A Juan Villar «todavía le falta un poquito». No lo dice quien escribe, lo dice Paco Herrera. O lo dijo, mejor dicho, en pasado, después del partido ante el Sevilla Atlético. Aún «le cuesta tener la condición de ida y vuelta» que el técnico ve en el resto, aunque, a falta de esa chispa, lleva dos goles. Los ha hecho en 531 minutos, menos de los que podría llevar de no ser por la inoportuna lesión que le tuvo en el dique seco en el arranque del curso.
Destacó también Herrera «su facilidad para hacer gol» y recordó que «es un jugador muy importante para el equipo». Por esto le espera y por lo primero insiste en mantener su vitola de titular a pesar de que aún no es él, aquel que deslumbró la campaña pasada. Basta decir que a estas alturas solo se había perdido una jornada, por sanción, y llevaba cuatro tantos en 878 minutos, uno cada 219’5, frente a los 265’5 de la actualidad.

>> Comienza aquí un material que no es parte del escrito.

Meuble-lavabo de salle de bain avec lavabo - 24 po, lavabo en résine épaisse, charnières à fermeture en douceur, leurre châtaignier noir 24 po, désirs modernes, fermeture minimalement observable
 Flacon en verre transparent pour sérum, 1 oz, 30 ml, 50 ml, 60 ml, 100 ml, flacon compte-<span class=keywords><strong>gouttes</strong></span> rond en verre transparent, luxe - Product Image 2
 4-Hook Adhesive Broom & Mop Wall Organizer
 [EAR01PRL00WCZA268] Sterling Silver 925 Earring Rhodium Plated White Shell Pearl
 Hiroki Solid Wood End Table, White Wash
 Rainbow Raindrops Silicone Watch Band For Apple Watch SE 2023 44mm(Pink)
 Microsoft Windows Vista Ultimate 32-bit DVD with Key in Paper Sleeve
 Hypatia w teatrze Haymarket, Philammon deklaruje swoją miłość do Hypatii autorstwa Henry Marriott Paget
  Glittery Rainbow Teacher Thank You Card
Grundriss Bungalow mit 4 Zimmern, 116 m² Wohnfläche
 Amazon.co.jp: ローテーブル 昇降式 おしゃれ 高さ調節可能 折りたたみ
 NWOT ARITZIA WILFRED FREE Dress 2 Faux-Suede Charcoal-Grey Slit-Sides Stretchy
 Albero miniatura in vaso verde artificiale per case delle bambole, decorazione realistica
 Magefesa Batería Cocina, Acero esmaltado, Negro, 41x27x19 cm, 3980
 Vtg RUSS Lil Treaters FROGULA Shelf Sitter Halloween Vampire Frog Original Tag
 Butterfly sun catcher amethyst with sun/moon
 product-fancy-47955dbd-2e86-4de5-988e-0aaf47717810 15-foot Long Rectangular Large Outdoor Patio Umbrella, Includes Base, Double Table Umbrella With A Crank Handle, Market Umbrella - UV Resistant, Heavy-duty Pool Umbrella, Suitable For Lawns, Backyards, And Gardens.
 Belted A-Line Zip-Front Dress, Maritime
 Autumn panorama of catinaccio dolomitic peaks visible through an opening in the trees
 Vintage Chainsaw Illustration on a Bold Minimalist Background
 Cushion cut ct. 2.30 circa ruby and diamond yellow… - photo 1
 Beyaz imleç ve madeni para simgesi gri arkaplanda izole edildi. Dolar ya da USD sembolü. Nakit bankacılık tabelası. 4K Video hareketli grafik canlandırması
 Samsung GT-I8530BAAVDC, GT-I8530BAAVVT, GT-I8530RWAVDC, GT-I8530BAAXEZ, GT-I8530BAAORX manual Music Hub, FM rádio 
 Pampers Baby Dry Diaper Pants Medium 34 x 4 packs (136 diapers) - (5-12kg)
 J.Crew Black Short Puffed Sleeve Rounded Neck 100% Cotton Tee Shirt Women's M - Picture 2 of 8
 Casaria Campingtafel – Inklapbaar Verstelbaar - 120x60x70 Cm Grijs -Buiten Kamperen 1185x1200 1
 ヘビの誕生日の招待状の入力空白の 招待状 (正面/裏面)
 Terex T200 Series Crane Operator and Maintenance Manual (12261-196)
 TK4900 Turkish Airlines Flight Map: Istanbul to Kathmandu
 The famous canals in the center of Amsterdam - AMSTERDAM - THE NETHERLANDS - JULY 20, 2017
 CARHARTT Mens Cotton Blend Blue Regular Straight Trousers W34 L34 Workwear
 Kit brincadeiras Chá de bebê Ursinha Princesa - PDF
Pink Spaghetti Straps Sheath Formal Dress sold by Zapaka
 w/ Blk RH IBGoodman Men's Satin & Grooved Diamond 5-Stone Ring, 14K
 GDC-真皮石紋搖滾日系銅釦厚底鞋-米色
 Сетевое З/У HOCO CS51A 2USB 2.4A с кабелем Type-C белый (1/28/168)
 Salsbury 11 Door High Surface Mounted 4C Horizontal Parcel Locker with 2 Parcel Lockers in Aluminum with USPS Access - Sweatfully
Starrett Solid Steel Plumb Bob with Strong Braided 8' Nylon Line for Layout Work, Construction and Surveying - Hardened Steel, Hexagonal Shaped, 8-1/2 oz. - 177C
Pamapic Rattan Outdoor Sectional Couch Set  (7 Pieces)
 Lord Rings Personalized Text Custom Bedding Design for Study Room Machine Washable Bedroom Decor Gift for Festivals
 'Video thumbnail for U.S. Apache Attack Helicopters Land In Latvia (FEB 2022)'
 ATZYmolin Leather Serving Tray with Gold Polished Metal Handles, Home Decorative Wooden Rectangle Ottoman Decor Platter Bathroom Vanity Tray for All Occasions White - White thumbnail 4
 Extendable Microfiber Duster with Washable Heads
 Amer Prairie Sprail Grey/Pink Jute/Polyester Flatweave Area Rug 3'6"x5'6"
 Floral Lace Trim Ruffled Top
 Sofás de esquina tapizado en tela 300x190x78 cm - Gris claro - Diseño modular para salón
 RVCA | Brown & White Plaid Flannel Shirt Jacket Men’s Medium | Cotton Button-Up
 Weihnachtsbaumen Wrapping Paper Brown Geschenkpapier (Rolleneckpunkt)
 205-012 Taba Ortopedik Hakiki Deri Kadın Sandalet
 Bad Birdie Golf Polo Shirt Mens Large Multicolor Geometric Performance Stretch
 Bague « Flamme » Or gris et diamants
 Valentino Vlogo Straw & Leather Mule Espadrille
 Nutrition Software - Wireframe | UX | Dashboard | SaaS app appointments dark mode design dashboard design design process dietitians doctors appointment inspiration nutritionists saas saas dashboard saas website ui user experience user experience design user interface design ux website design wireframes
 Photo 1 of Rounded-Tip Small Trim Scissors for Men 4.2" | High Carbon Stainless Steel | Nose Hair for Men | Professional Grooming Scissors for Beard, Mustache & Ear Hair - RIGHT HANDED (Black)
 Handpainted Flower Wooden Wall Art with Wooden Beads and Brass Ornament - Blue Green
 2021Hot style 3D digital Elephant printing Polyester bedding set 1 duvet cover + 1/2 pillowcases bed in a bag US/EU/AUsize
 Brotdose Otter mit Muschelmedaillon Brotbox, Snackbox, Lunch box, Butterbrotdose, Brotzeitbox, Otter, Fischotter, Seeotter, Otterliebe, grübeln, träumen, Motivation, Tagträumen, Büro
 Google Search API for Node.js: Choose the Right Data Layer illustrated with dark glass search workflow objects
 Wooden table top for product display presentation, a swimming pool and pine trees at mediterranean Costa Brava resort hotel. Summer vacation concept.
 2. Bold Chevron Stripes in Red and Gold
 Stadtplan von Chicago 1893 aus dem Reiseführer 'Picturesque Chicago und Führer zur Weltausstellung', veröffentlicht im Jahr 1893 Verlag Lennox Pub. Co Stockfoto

Esos 46 minutos de diferencia parecen un abismo, y más cuando los blanquivioletas han marcado dos goles menos que el año pasado en las trece primeras jornadas. Pero lo es más si se disocia la imagen de las estadísticas, toda vez que no solo lleva menos tantos: también le falta duende.
Ese que lleva en el sobrenombre. Hasta el momento no ha sido ‘El Duende de Aroche’, ese que demostraba torería a espuertas, una clase que le convirtió en uno de los atacantes más decisivos de la categoría. Hoy, como al artista al que abandonan las musas y se encierra en sí mismo, como al matador cuya muleta no traza lo que la mente dibuja, se le ve apagado, taciturno.
Si se le espera es porque quince goles en una temporada no pueden ser casualidad, y porque si no lo es su manejo a la hora de ‘matar’, menos es el fútbol que le encumbró en medio del derrumbe. Si es incisivo es por la potencia de su arrancada y por su habilidad en el regate, que le permiten ser tanto el fuera-dentro que requiere el actual dibujo como ejercer como extremo puro.
Si fuera torero, Villar sería Talavante; tan genio, tan grande, tan artista y muy de verdad cuando es él, aunque tan intermitente en ocasiones que llega a parecer menos. Es eso lo que llega a desesperar del pacense al aficionado a los toros, como llega a exasperar en el onubense que no esté cuando no está. Es tan difícil explicar la sensación que deja ‘El Duende’ cuando se minimiza…
Con perdón de los lectores antitaurinos (quien escribe lleva años sin pisar una plaza, revelado como ya no ‘tan’ aficionado), el reclamo que cabe hacer a Villar, por continuar con el símil, es que si hace falta que cante, que le cante al balón, o que lo haga al defensa, como el pacense cantó un día por bulerías en la cara del astado en la plaza de Mérida, tentándolo, y tentándose a la vez a sí mismo, queriendo ser lo que es, un grande.